Pastor Note #127: A Devotional on the Lord’s Return


Introduction:
Surely, there are few biblical topics that have generated as many books, articles, Bible studies, and sermons as the topic of the return of Christ.  They are often filled with charts and tables and complex speculations that make quantum physic seem simple.  A. W. Tozer writes this, “There have been enough foolish formulas advanced about the return of Christ by those who were simply curious to cause many believers to give the matter no further thought or concern”[1].

Silent Reflection:
Maybe the key passage for our reflection on the return of the Lord Jesus is found in Revelation 21:1-3.  “Then I saw a new heaven and a new earth, for the first heaven and the first earth had passed away, and the sea was no more.  And I saw the holy city, new Jerusalem, coming down out of heaven from God, prepared as a bride adorned for her husband.  And I heard a loud voice from the throne saying, ‘Behold, the dwelling place of God is with man.  He will dwell with them, and they will be his people, and God himself will be with them as their God.’” [ESV]

Read those verses a few times, then reflect on what it might mean for you to be dwelling with God.

Prayer of Confession:
Lord, I am not the new creature you intend me to be.  In your mercy, show me the places in my life where sin and evil still live.  And by your Spirit, enable me to uproot it so that more and more I might reflect the goodness of your coming new creation.  Amen.

Devotional:
Imagine this.  You find yourself stranded in a dangerous and unnerving neighborhood at midnight.  You call a friend.  You wait anxiously.  Finally, your friend pulls up in her car. She pushes open the passenger door and yells, “Come on!
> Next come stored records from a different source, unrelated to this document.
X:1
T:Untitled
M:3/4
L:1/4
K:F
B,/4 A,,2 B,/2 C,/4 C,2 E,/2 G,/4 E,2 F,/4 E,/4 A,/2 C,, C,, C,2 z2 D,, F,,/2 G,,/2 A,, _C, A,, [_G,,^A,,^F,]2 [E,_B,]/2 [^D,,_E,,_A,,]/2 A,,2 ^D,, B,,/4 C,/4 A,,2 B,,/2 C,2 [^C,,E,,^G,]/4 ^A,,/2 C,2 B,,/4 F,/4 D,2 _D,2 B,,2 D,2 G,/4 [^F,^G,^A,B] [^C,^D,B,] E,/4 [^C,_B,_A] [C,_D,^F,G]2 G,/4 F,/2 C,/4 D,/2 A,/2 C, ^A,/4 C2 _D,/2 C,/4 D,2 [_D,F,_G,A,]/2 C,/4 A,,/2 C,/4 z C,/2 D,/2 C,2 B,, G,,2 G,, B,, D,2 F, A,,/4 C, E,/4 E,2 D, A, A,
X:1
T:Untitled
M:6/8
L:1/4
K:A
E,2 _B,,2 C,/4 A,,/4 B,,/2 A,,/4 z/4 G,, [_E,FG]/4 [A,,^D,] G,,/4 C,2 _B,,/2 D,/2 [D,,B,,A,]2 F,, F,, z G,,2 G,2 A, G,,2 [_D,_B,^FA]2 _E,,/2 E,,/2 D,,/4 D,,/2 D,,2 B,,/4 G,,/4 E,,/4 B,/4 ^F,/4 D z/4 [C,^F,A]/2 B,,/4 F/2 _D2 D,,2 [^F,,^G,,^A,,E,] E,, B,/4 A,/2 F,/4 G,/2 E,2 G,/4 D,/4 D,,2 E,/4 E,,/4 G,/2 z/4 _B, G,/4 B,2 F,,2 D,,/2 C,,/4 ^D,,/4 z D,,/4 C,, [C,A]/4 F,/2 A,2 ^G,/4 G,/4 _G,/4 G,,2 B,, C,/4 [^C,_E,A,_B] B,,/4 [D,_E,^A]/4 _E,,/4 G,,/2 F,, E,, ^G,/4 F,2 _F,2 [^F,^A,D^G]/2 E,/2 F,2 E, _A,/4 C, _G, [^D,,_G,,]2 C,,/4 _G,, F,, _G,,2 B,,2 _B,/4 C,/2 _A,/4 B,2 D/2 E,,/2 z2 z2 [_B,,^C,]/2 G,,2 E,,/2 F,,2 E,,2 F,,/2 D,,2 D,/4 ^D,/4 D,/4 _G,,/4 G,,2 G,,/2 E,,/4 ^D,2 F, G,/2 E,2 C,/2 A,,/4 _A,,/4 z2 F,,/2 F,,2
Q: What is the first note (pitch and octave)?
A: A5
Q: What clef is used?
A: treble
Get in and let’s get out of here!”  You drive off together to someplace that feels safe and comfortable, leaving that dangerous neighborhood to stew in its wrack and ruin.
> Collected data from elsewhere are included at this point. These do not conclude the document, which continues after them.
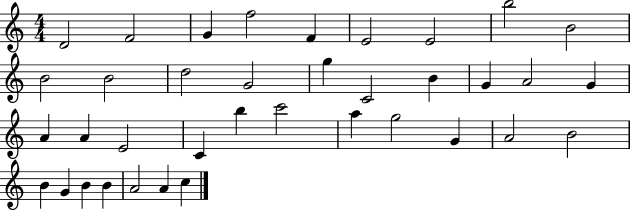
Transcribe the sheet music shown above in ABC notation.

X:1
T:Untitled
M:4/4
L:1/4
K:C
D2 F2 G f2 F E2 E2 b2 B2 B2 B2 d2 G2 g C2 B G A2 G A A E2 C b c'2 a g2 G A2 B2 B G B B A2 A c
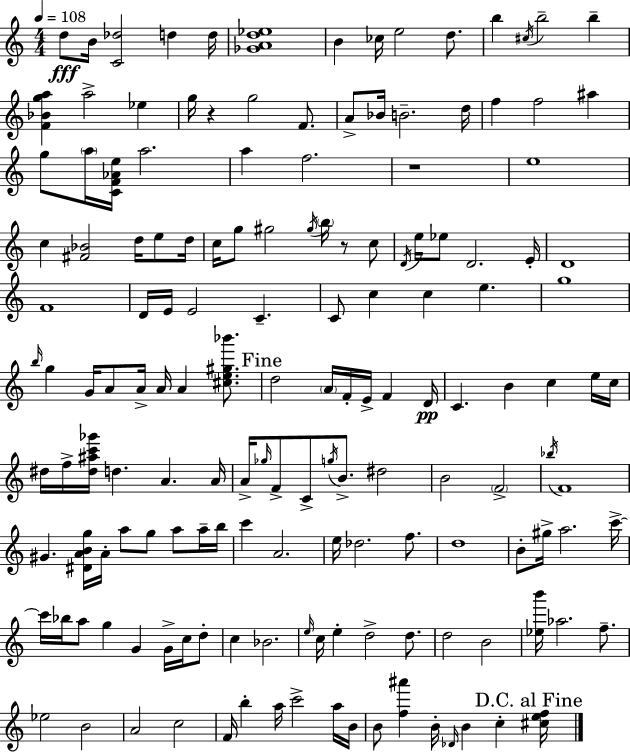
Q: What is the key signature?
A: C major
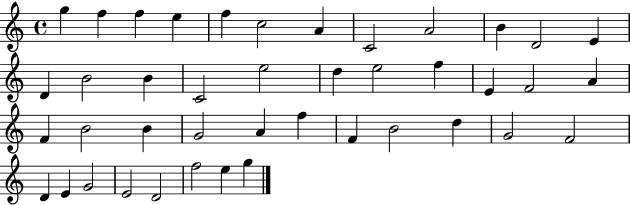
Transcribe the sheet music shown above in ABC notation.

X:1
T:Untitled
M:4/4
L:1/4
K:C
g f f e f c2 A C2 A2 B D2 E D B2 B C2 e2 d e2 f E F2 A F B2 B G2 A f F B2 d G2 F2 D E G2 E2 D2 f2 e g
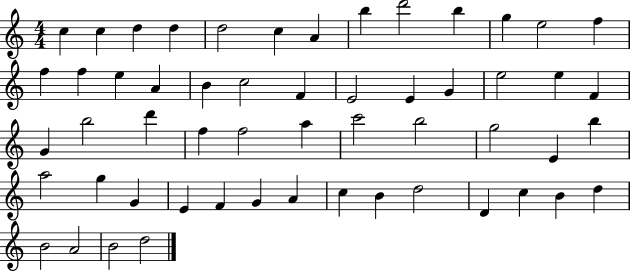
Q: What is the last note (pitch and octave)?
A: D5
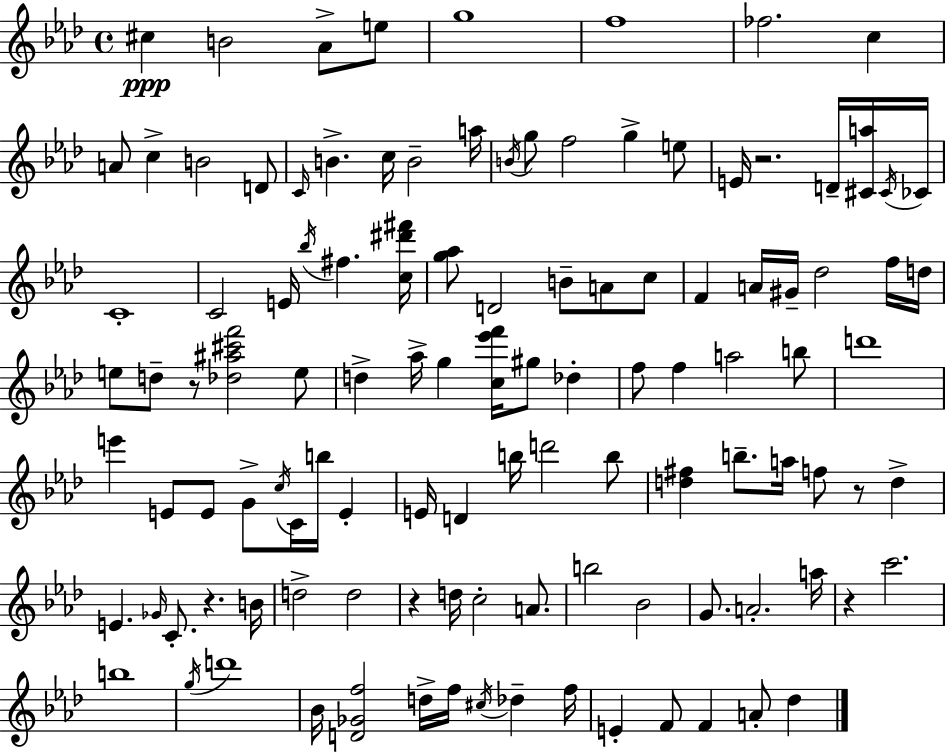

That’s often how the return of Christ is portrayed in popular Christian thought.  But is that how the Bible presents it?   What we see in the passage quoted above is a very different picture of Christ’s return.
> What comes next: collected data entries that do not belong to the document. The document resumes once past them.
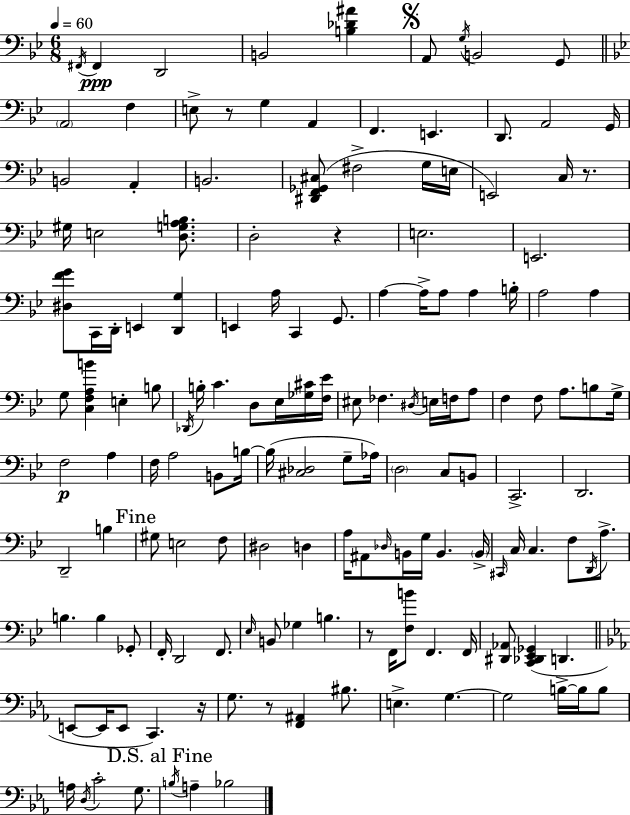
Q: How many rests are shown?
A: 6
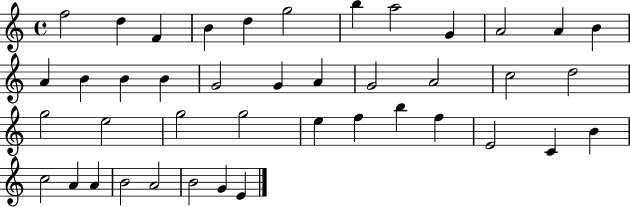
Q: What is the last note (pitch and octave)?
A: E4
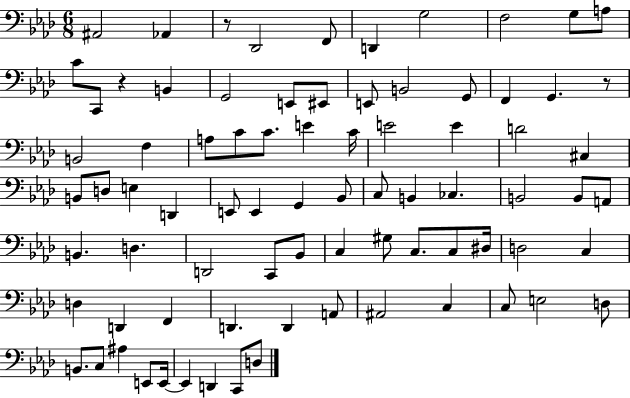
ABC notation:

X:1
T:Untitled
M:6/8
L:1/4
K:Ab
^A,,2 _A,, z/2 _D,,2 F,,/2 D,, G,2 F,2 G,/2 A,/2 C/2 C,,/2 z B,, G,,2 E,,/2 ^E,,/2 E,,/2 B,,2 G,,/2 F,, G,, z/2 B,,2 F, A,/2 C/2 C/2 E C/4 E2 E D2 ^C, B,,/2 D,/2 E, D,, E,,/2 E,, G,, _B,,/2 C,/2 B,, _C, B,,2 B,,/2 A,,/2 B,, D, D,,2 C,,/2 _B,,/2 C, ^G,/2 C,/2 C,/2 ^D,/4 D,2 C, D, D,, F,, D,, D,, A,,/2 ^A,,2 C, C,/2 E,2 D,/2 B,,/2 C,/2 ^A, E,,/2 E,,/4 E,, D,, C,,/2 D,/2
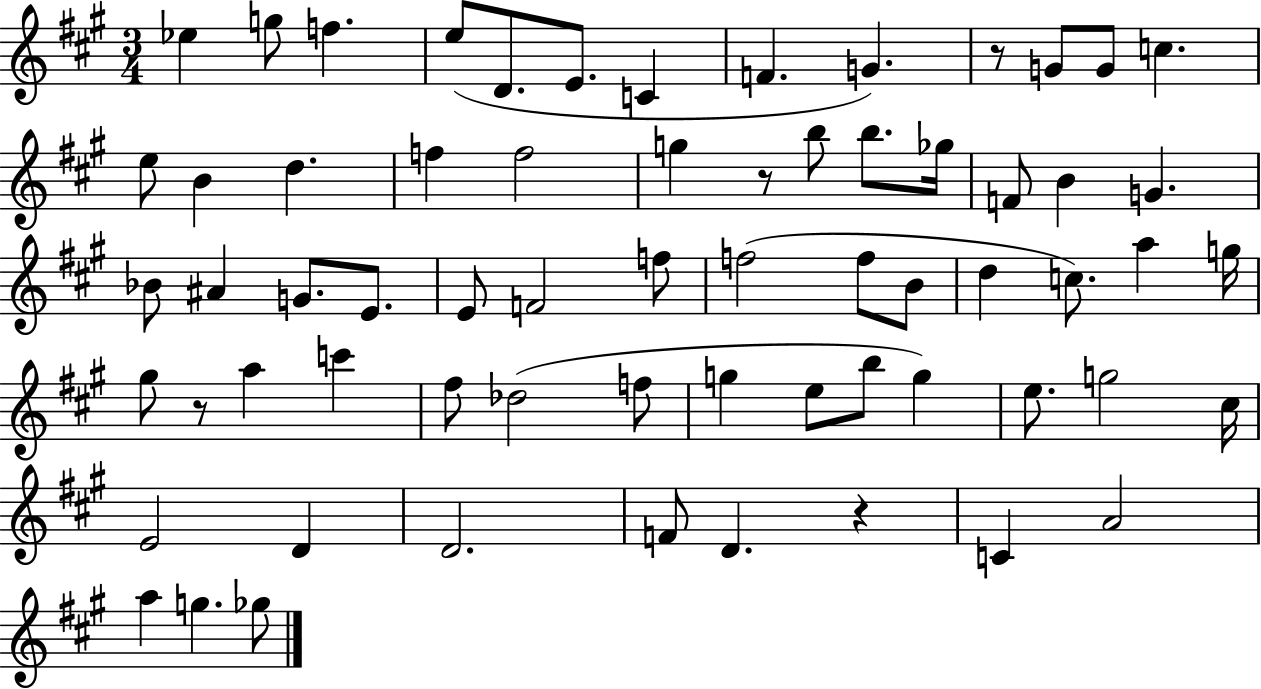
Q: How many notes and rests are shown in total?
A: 65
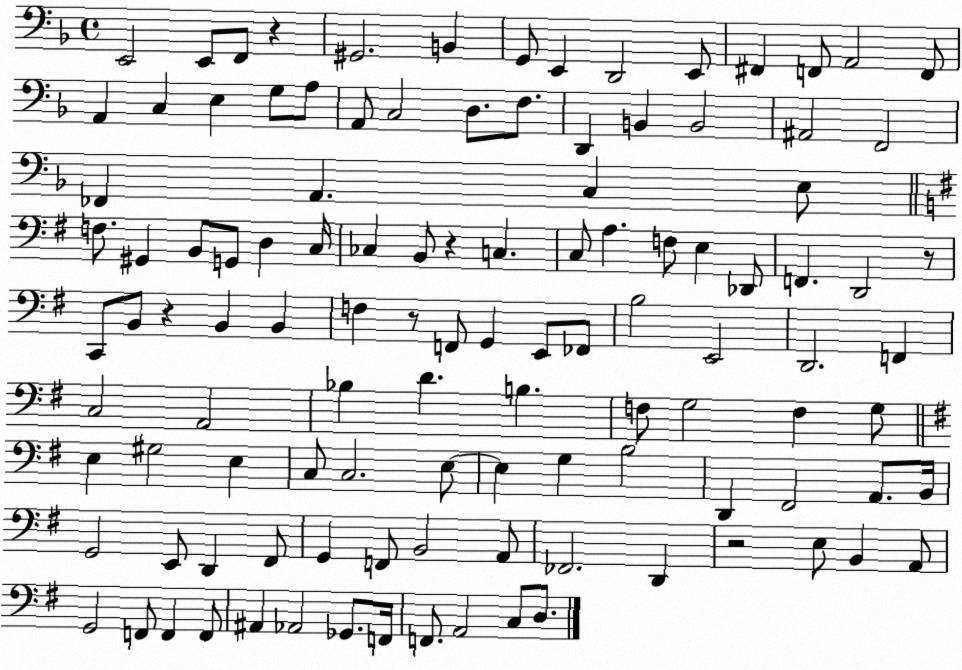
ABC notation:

What we see in Revelation 21 is that Jesus is not returning for a brief curbside pick-up in order to take us away.  Rather, Jesus is returning to settle in and take up residence with us on the new redeemed earth where he will reign and rule as king forever.

But we should take comfort and live in confident expectation, because the earth where Jesus will take up residence with us will not be this same old thorn-infested earth we live in now.  “Behold,” Jesus assures us, “I am making all things new.” (Revelation 21:5; see also v. 4)

The Apostles’ Creed speaks of that “making all things new,” though we often miss its meaning.  It says, “He will come to judge the living and the dead.”  We are prone to think of God’s judgment and God’s work of redemption as separate and opposite things.  But the Bible presents things differently.  There we see judgment not as something separate and opposite to redemption, but rather as a necessary part of the work of making “all things new.”  If God is going to make a new creation, one that is again “very good” (Genesis 1:31), then the “thorns and thistles” (Genesis 3:18), the evil, that we human beings have brought into the world has to be removed.  That’s what judgment is about.

But let’s be careful.  The sin and evil that needs to be judged isn’t just “out there” in the world.  It’s also inside of each of us.  There is no room for arrogance on our part.  Our sin and evil needs to be judged and removed, too.  It has been judged when Jesus took it to the cross for us.  And it is being removed from us now by the working of the Holy Spirit within us, making us new creations (2 Corinthians 5:17).

Through the Holy Spirit, Jesus is even now at work in us and in the world, preparing the way for the new creation.  Jesus challenges us on this point.  When the Master returns, what will he find?  Will he find us hiding in a corner or seeking our own comfort and pleasure?  Or will he find us alert and prepared (see the parables in Matthew 25)?  Will he find us as lights shining in the darkness (Matthew 5:14-16)? 

Questions:
Jesus, the “Master of the house” might return at any moment.  How do you feel about that fact?

Afraid?  Eager?  Confused?  Reflect on what life in a world that is again “very good” might be like.

Identify some concrete way in which you might be more at work preparing the way for the new creation that Jesus will bring about at his return.  What are some specific ways you might begin to do that work today?

Genesis 3:18 describes how the very good world that God had made became full of “thorns and thistles” after sin came into the world.  Those thorns represent ways in which the world is not now the way it’s supposed to be.  What might you do that will pull up some of the thorns in this broken world, and in that way prepare the way for God’s new creation and show others what it might look like when Jesus returns to make everything new?

Closing Prayer:
Lord Jesus, I long for that day when you will make all things new.  Show me how by your Spirit at work through me I can even now begin to make some things new.  Amen.


[1] A. W. Tozer, The Apostles’ Creed (Chicago: Moody Press) 2023, p. 90.